* Problem *
The reply should be an exact repeat of the listing, with no pictures in it.

[Extracted records — start]

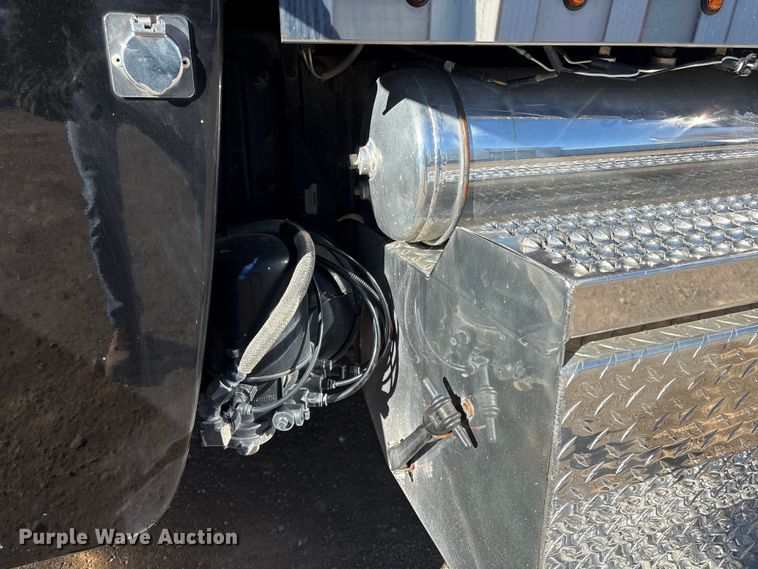 image for item FG2544 2022 Peterbilt 389 semi truck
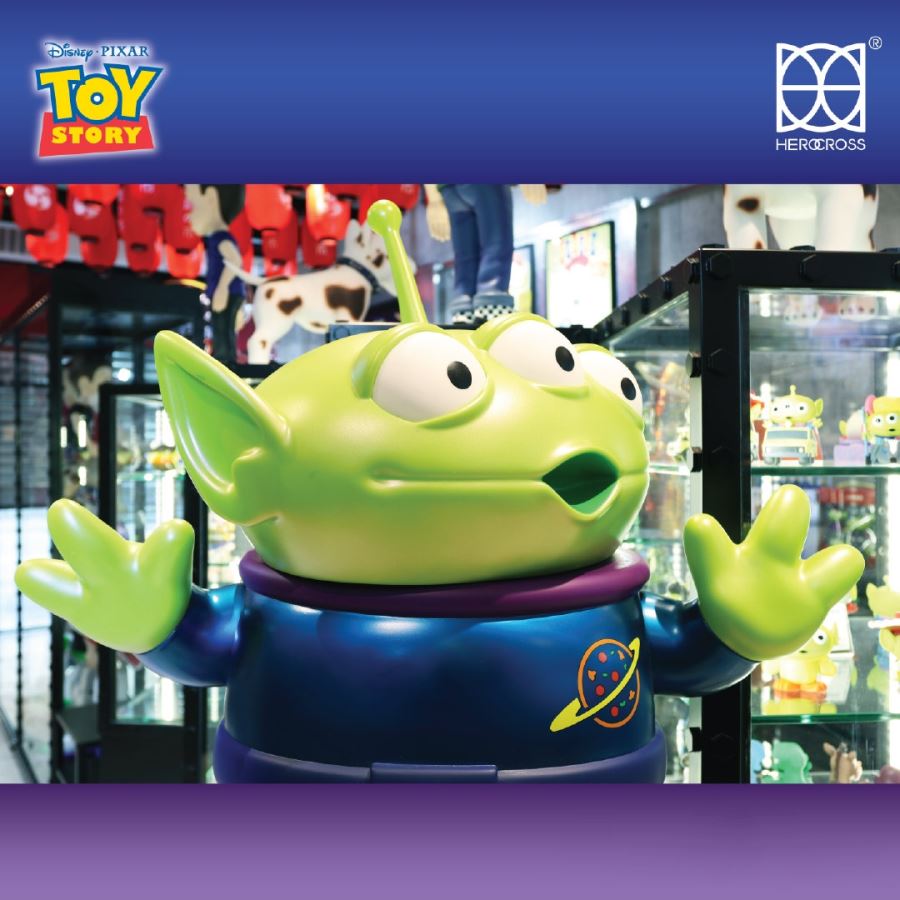 HVS 55cm Alien Three-Eyed Boy  Action Figure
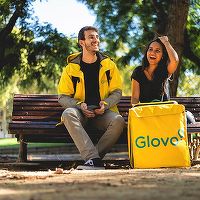 Glovo se extinde în România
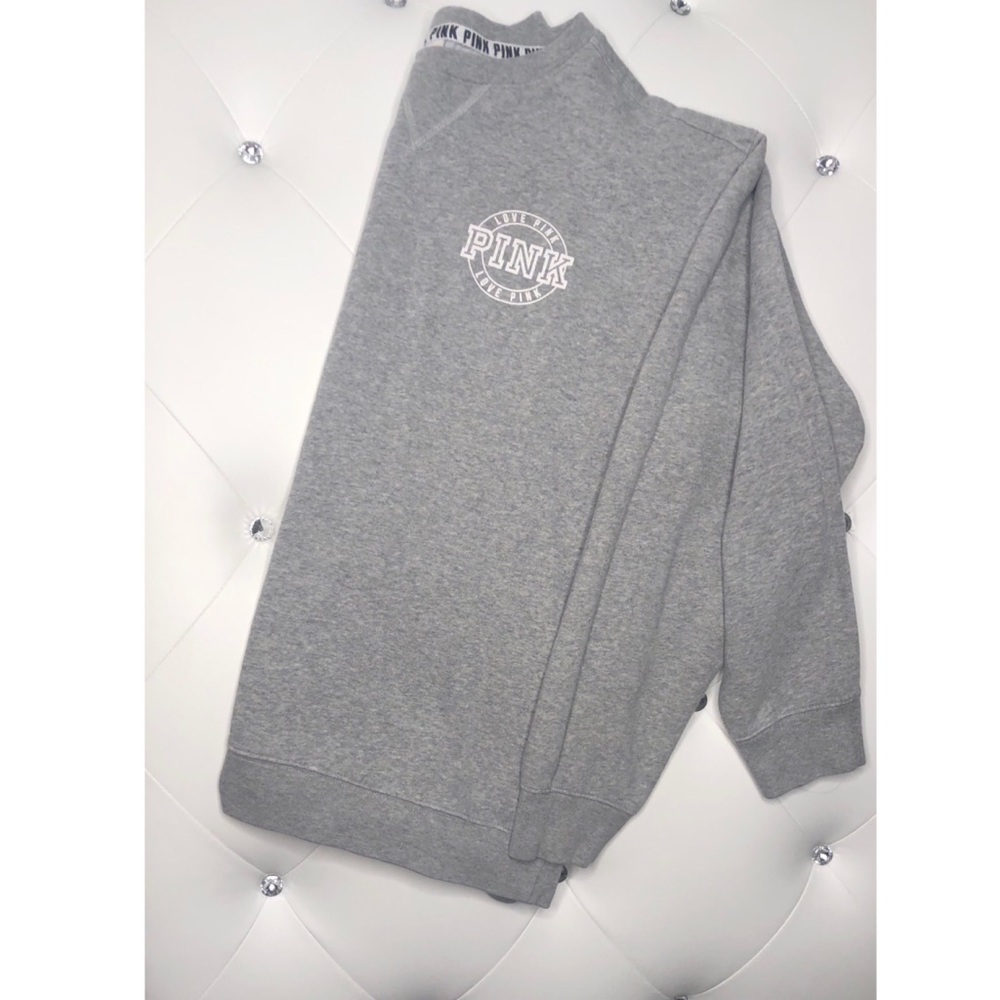 *Women’s VS Pink Grey Sweatshirt* - Picture 2 of 4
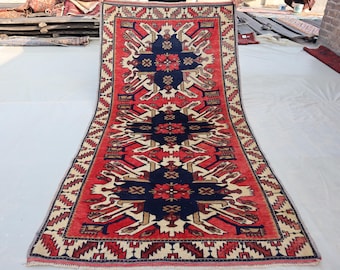 Raro tappeto antico del Karabakh, fatto a mano in lana caucasica, con motivo tribale geometrico a medaglione, dimensioni 3'6 x 6'10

[Extracted records — finish]

* Your solution *
 image for item FG2544 2022 Peterbilt 389 semi truck
 HVS 55cm Alien Three-Eyed Boy  Action Figure
 Glovo se extinde în România
 *Women’s VS Pink Grey Sweatshirt* - Picture 2 of 4
 Raro tappeto antico del Karabakh, fatto a mano in lana caucasica, con motivo tribale geometrico a medaglione, dimensioni 3'6 x 6'10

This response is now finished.